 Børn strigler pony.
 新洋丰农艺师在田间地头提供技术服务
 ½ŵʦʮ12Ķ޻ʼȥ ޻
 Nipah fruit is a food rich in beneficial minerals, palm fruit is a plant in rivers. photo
━━━━━━━━━━
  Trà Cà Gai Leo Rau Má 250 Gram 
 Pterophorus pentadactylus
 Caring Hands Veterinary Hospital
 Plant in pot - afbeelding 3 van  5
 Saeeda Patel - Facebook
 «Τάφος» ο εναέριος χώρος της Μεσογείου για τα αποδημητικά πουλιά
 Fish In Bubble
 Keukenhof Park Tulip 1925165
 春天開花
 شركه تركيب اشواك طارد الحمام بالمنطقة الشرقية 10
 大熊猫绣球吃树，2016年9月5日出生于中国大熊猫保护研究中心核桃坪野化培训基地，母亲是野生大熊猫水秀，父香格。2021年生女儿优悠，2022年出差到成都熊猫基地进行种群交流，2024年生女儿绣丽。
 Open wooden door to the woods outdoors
━━━━━━━━━━
Aim of the exercise. Give again exactly, and only, the lines above starting at the one with "½ŵʦʮ12Ķ޻ʼȥ ޻" and ending at the one with "Nipah fruit is".

Exercise response.
 ½ŵʦʮ12Ķ޻ʼȥ ޻
 Nipah fruit is a food rich in beneficial minerals, palm fruit is a plant in rivers. photo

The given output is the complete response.